In Korea, although the current unstable conditions of graduate employees, which comes from the dual identity as workers and next generation of the discipline, are obvious, an institutional mechanism to present and mediate such reality is absent. The old detrimental practices of academia still have a strong influence and the labor rights of graduate employees have not been institutionalized. In this reality, the workforce of graduate employees is privatized by hierarchical relationships with professors, and even various types of violence and human rights violations occur frequently against graduate employees. The Korean Graduate Employee Union (KGEU) was formed to break through such contradictions between reality and institutions.
In Korea, currently, public debate on graduate employees’ workforce in universities is underway, and some legislation has been proposed to improve the treatment of graduate employees. Accordingly, it is time for the Korean Graduate Employee Union (KGEU) to carry out more active and strategic activities. We know that North American graduate employee unions have fought to attain basic labor rights for over half a century, overcoming various evil labor laws, wrong precedent cases (especially Brown’s decision), and conservative judicial officials.

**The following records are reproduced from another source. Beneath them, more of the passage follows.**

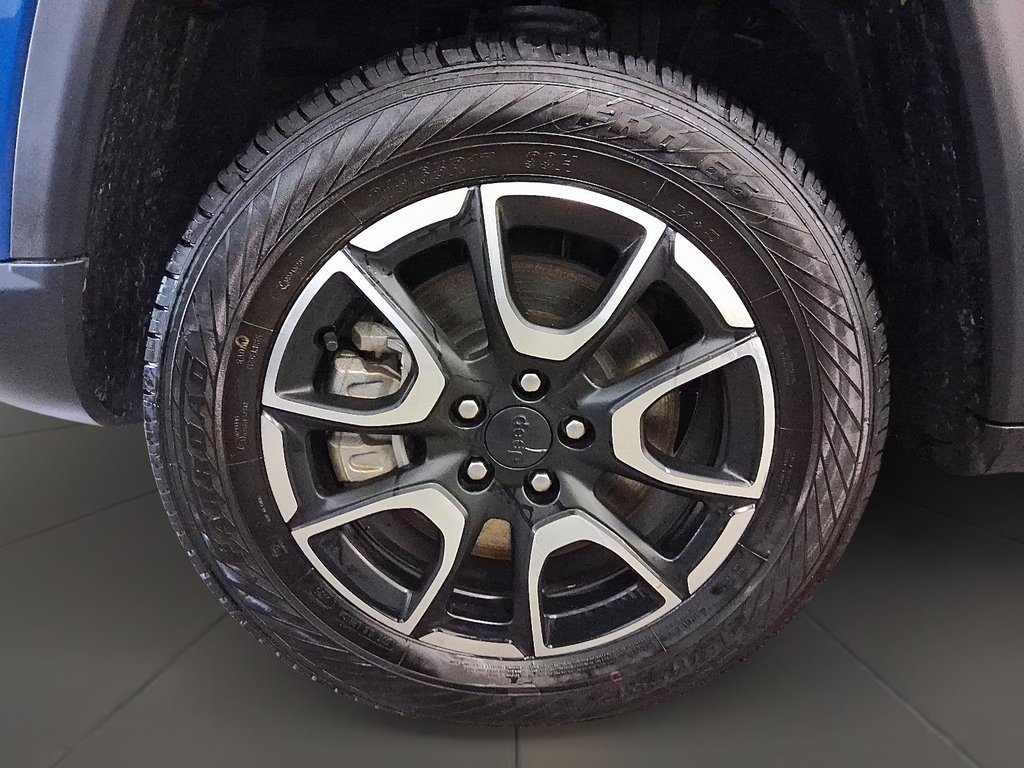 2024 Jeep Compass Trailhawk 4x4 in Stratford, Ontario - 7 - w1024h768px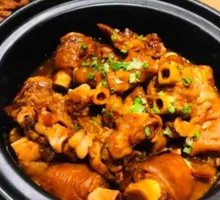 Braised Lamb Trotters in Clay Pot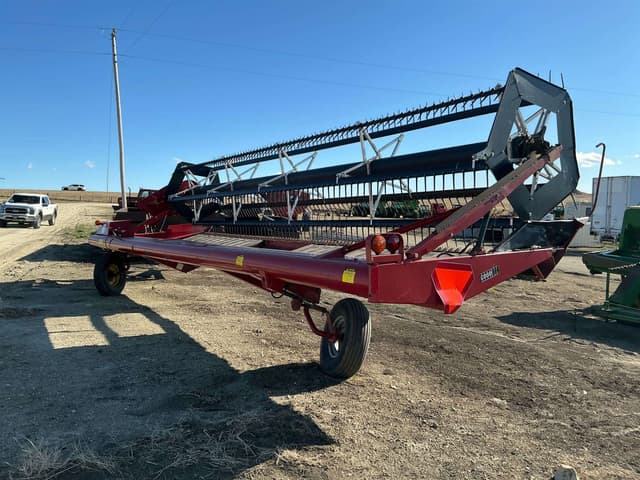 Image of Case IH 725 equipment image 1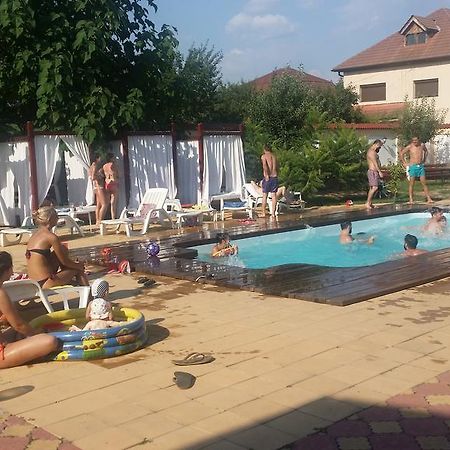 Отель Casa Alba Рымнику-Вылча Экстерьер фото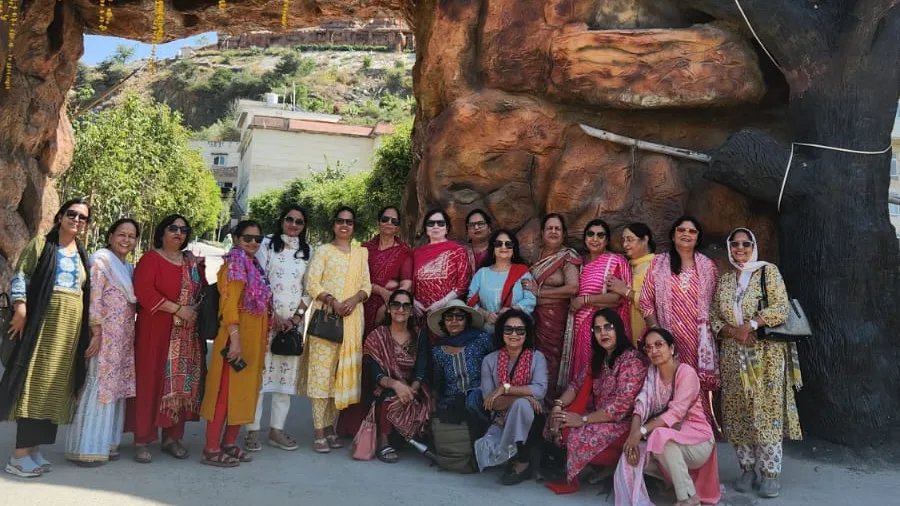 विज्ञान समिति नवाचार महिला प्रकोष्ठ ने श्रद्धा और उल्लास के साथ किए माँ वैष्णोदेवी के दर्शन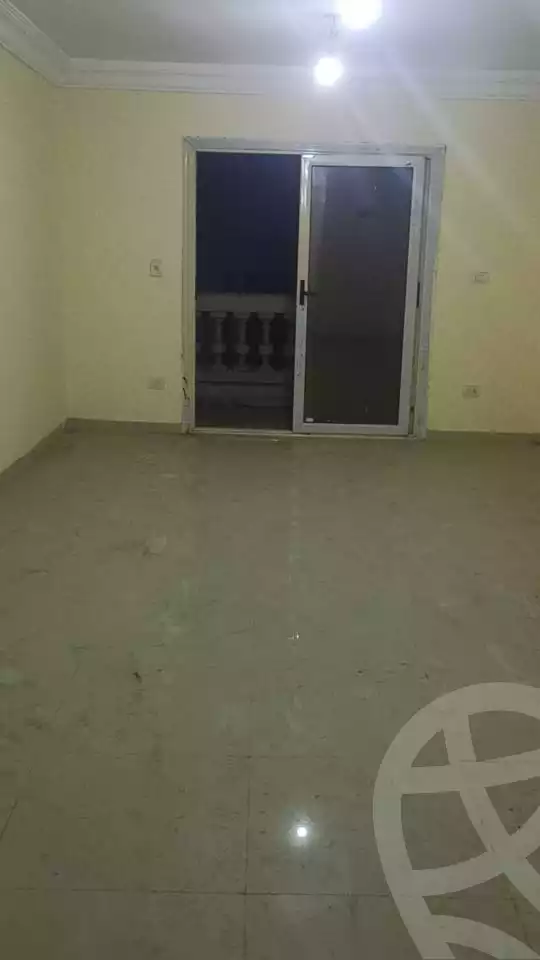 https://aqarmap.com.eg/en/listing/5952566-for-rent-alexandria-glim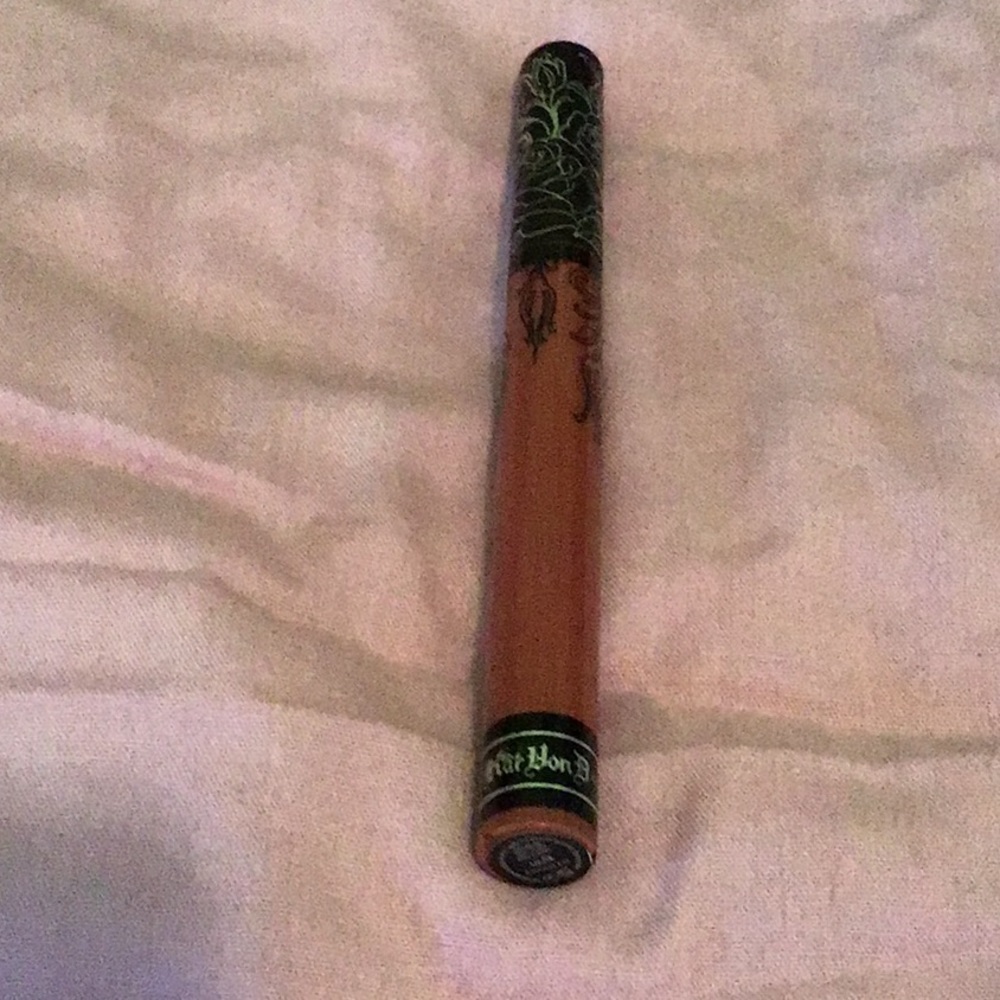 Kat Von D Everlasting Liquid Lipstick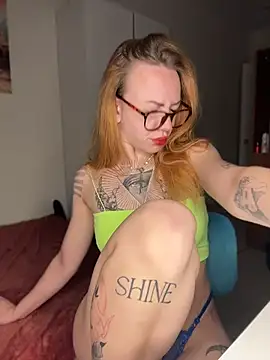 Snapshot of Amore_Mia_ chatting on 07-29-26, 01:05 Amore Mia online show from 07-29-26, 01:05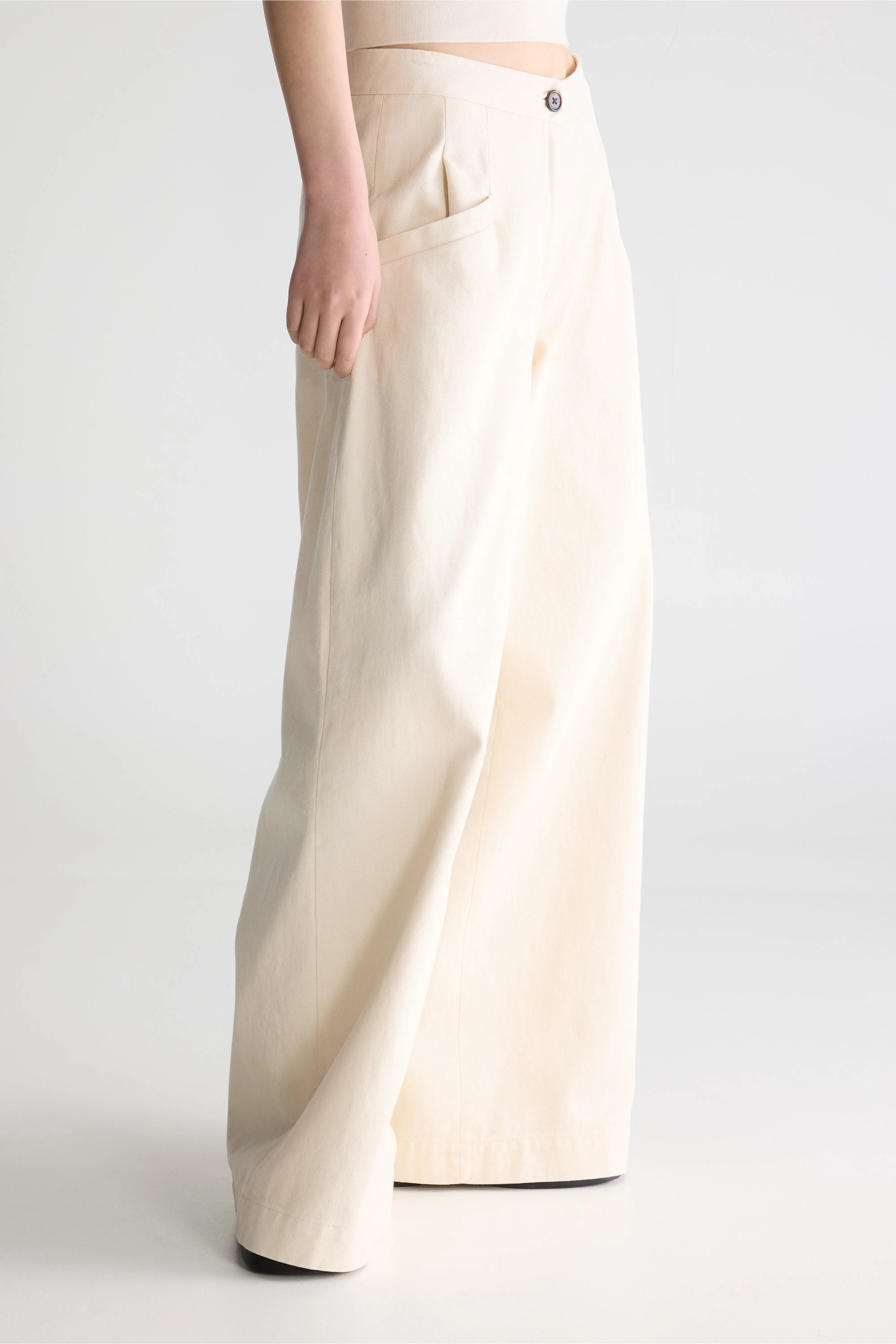 Jesper wide trousers (261 / W / CREAM)
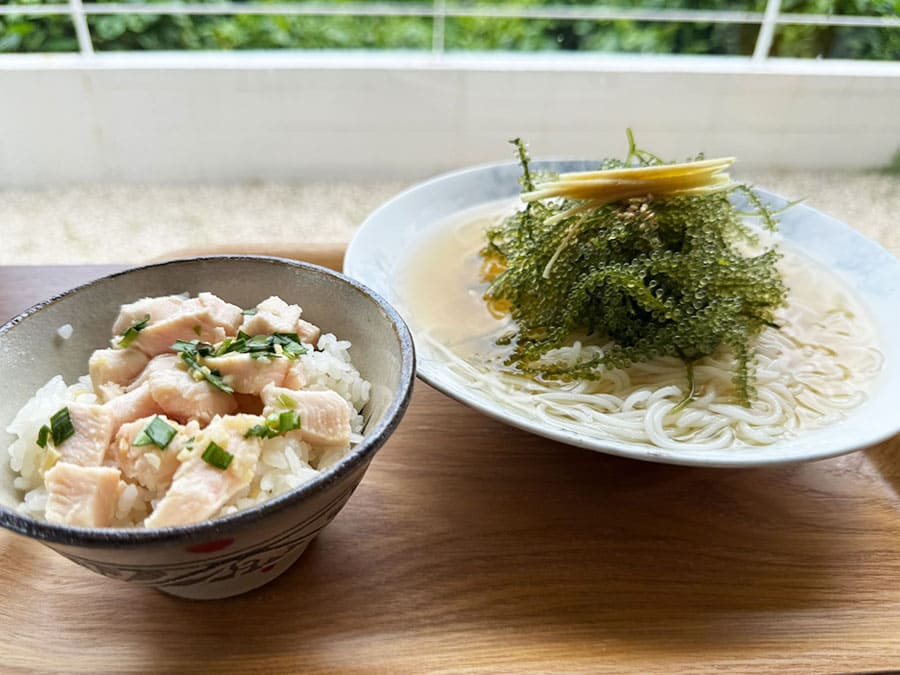 宮古島 宮古冷麺 ミニ丼 タイ風鶏飯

North American graduate employee unions have played a key role in advancing graduate workers’ rights through regular collective bargaining and negotiations with university administrations to increase wages and social safety nets, and sometimes through active intervention in real politics. This inspired the graduate employee union movement in Korea. Korea, like the United States, has not ratified much of the ILO Core Conventions, and for a long time, the Korean government and corporations (as well as universities) have ignored the demand for workers’ basic rights. The history, achievement, and the struggles of North American graduate employee unions, which have overcome the difficult conditions so far, will serve as a precedent and role model for Korean graduate employee union.
The international solidarity between the two organizations whose research workers are the main members, the North American Graduate Employee Union and the Korean Graduate Employee Union (KGEU), retains the meaning of both the present and the days to come. Graduate employees who carry out specific labor in the university are current workers as well as are in the process of becoming future research and education workers. After graduation, graduate employees remain in universities as research and education workers to continue their work or leave academia for other places such as private companies. Therefore, recognizing and raising awareness of the graduate workers experience in terms of work class as well as reconstructing our work experience are revealing the injustices of the present and transforming the future to change the world. In addition, sharing and disseminating experience, relevant practices, and strategies through international solidarity among graduate employees establish a virtuous global ecosystem by improving the treatment of next generation of the discipline. At the same time, it will also contribute to the expansion of the basic labor rights of the working class around the world.
Today, the North American Graduate Employee Unions and the Korean Graduate Employee Union are gathered together and resolving as follows. First, we will work together to achieve and expand the labor rights of graduate employees. Second, we will continue to work collaboratively to promote measures for active intellectual exchange and human interchange.